After 10 seasons with Matt Hasselbeck under center, the Seahawks signed mobile quarterback Tavaris Jackson as a free agent from the Vikings, who was joined by his former offensive coordinator Darrell Bevell and wide receiver Sidney Rice, along with tight end Zach Miller from the Raiders.

Jackson, who had a largely disappointing tenure in Minnesota, threw for a career-high 319 yards in last week’s 30-28 loss to the Falcons. With a 31st-ranked Seahawks’ rushing attack, headed by Marshawn Lynch’s 3.1 yards per carry, Giants coach Tom Coughlin noted the importance of containing Rice, who has 11 catches for 188 yards and a touchdown in two games this season.

“When [Jackson] goes to Rice, he’s pretty sure where he’s gonna be,” Coughlin said. “There’s familiarity, you can tell. He’ll take some chances. Rice is a big play threat, without a doubt. He’ll launch that thing and Rice ends up on the other end of it.”

Facing a well-balanced defense and kick return threat, and former Jet, Leon Washington making his first return to East Rutherford, the Giants know a letdown game is not an option.

“A 1-3 team is a very hungry football team,” defensive tackle Chris Canty said. “Numbers sometimes lie, but the tape doesn’t lie. The physical level they’re playing at, we have to be prepared to stop them. They’ve got a lot of energy. They’re gonna be ready to go.”

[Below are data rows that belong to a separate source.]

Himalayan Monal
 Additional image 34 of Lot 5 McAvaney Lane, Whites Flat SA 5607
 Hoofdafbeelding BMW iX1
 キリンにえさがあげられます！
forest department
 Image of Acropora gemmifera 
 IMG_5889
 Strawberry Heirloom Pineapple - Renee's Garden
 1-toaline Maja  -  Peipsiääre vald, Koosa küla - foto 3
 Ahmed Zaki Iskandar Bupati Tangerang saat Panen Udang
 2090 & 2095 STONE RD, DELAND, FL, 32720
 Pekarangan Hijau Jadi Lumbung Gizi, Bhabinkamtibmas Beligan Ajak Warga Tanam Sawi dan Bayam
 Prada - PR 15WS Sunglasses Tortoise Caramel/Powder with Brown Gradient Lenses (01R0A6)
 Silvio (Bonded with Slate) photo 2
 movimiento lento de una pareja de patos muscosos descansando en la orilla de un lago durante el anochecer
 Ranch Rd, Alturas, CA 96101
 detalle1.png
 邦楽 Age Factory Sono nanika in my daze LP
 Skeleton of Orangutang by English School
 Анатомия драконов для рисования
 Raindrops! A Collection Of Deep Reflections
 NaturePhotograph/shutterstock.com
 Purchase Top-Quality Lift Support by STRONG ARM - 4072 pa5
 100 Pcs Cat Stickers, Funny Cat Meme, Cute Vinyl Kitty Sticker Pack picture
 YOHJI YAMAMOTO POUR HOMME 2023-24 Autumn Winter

Despite traveling across the country to play a team on a three-game winning streak, Carroll knows the matchup on paper will get thrown away with the opening kickoff.

“All our years at [USC], there was always that game, that somewhere on the schedule that would jump up when you least expect it and you’d think you were on a roll, things just don’t go right,” Carroll said. “We’re such a young team. We need all the confidence-builders we can get and this one would be a great one for us.”